DALLAS — She loved writing and reading, and as a financial journalist, she helped others understand complicated subjects with clear, concise reporting. Later, as an award-winning author, she fell in love with creating narrative nonfiction for young readers, taking on hot-button topics from Roe vs. Wade to gun control.
But perhaps more than others in an internet-dominated world of short attention spans, Karen Blumenthal loved libraries and believed in their importance to a community. When the Dallas City Council proposed sharp cuts to public library funding, Blumenthal and another Dallas Public Library board member dressed up as Dr. Seuss characters at a public meeting, where they dressed down the council members in a Seuss-style rhyme to express their opposition.
On Saturday, Sept. 25, Dallas Public Library will honor Blumenthal when it officially opens the new Forest Green Branch Library with the library auditorium and its children’s section named for the journalists and author.
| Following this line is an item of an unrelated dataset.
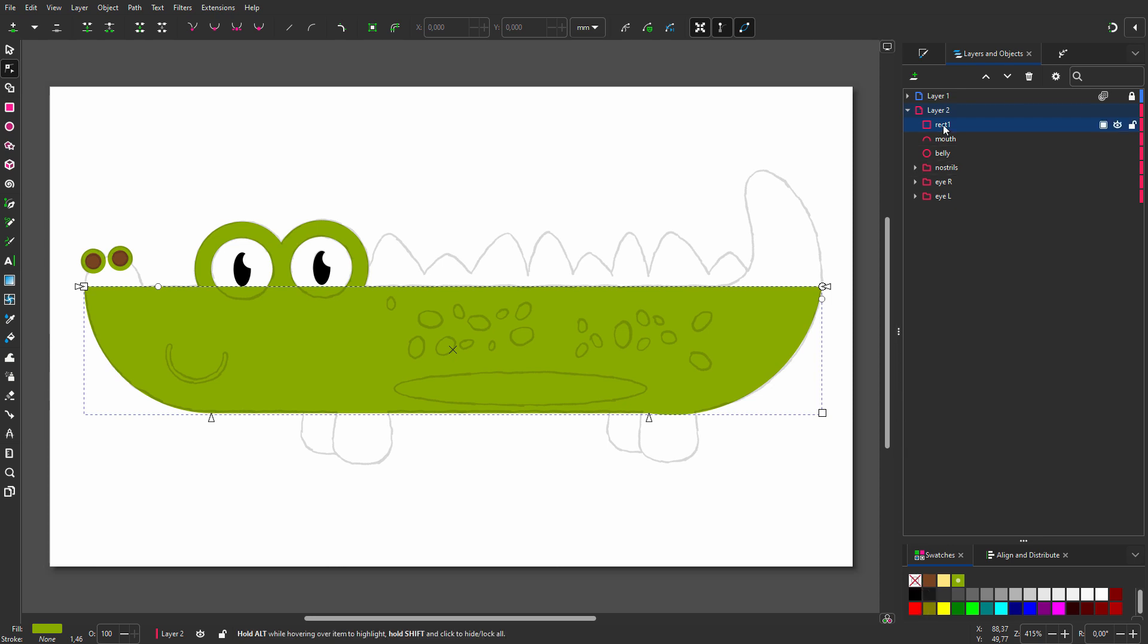In the layers panel, I can see I placed a rectangle. I will name the rectangle body. Because the rectangle was created last, it lies above the other elements. So I want to lower the body.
The new library will be located around the corner from the old facility and will increase in size by more than 10,000 square feet. The library will be a significant upgrade from the current facility, which is one of the oldest and smallest branches in the city’s public library system.
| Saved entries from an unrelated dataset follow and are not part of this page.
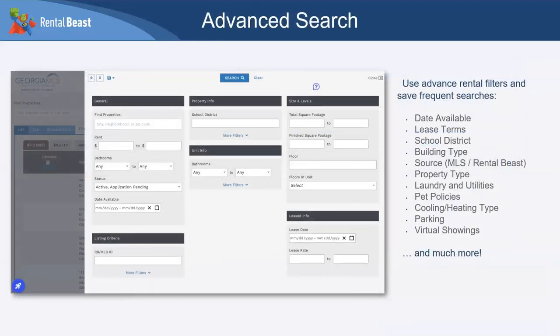Slicing and dicing the database is important. You can run searches by date available, lease terms, school district, pets, parking, laundry — and even concepts like 'date available' that aren't always standard in MLS listings are available as search filters within Rental Beast.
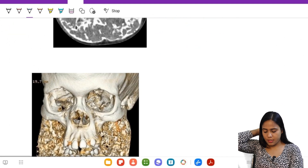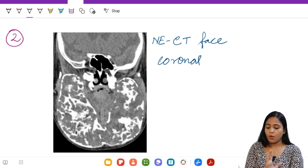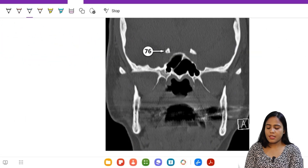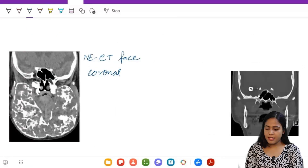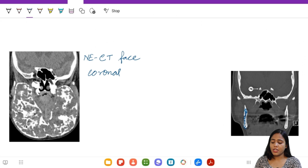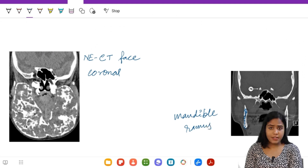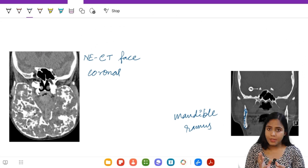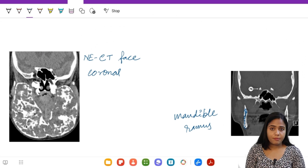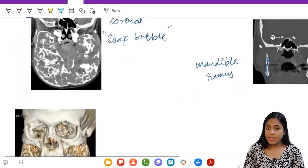There is also a 3D image here. Let's compare this with a normal coronal CT of the face. Please compare both sides - this bone which I can't see in our pathological picture is the mandible, specifically the ramus of the mandible. We cannot see it here. Instead, what we can see are bilateral hemimandibles that appear expansile, thick, and multiloculated, giving rise to a soap bubble appearance.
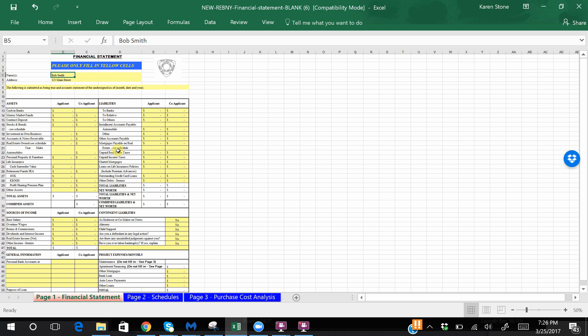This is a form that you should get familiar with as you will be filling it out both for an initial offer as well as once you go to submit a board application.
Dedicating part of the new branch’s facilities to Blumenthal has significant meaning for many in the community it serves. In fact, her lobbying helped persuade the city to restore library funding after years of budget cuts and to include about $10 million in a 2017 bond issue for the new Forest Green branch.
Blumenthal was a native Dallasite. She attended Duke University, where she was the editor of The Chronicle. She returned to Dallas after graduation and worked first as a reporter and then as an editor at The Dallas Morning News. She later worked for the Wall Street Journal, where she spent 25 years covering business and finance from the Dallas bureau. Her husband, Scott McCartney, also worked at The Journal and remains a columnist at that paper.
Blumenthal took night classes at Southern Methodist University in the early 1990 and received her M.B.A. In 2002, she turned to book writing, particularly for young adults after she discovered a lack of nonfiction books available for younger readers, such as her daughter.
In total, Blumenthal wrote 12 books, including biographies on Steve Jobs and Hillary Clinton. Her last book, “Jane Against the World: Roe v. Wade and the Fight for Reproductive Rights,” was published as a young adult selection in 2020.
Blumental died suddenly in May 2020 of a heart attack. She was 61.
Shortly after her death, friends and family began a fundraising campaign to enhance Forest Green with materials, equipment, and programming. The campaign has raised more than $108,000, according to the Friends of Dallas Public Library.
The official ribbon-cutting at the new Forest Green branch starts at 10 a.m. on Saturday, Sept. 25, at 9619 Greenville Ave. in Dallas.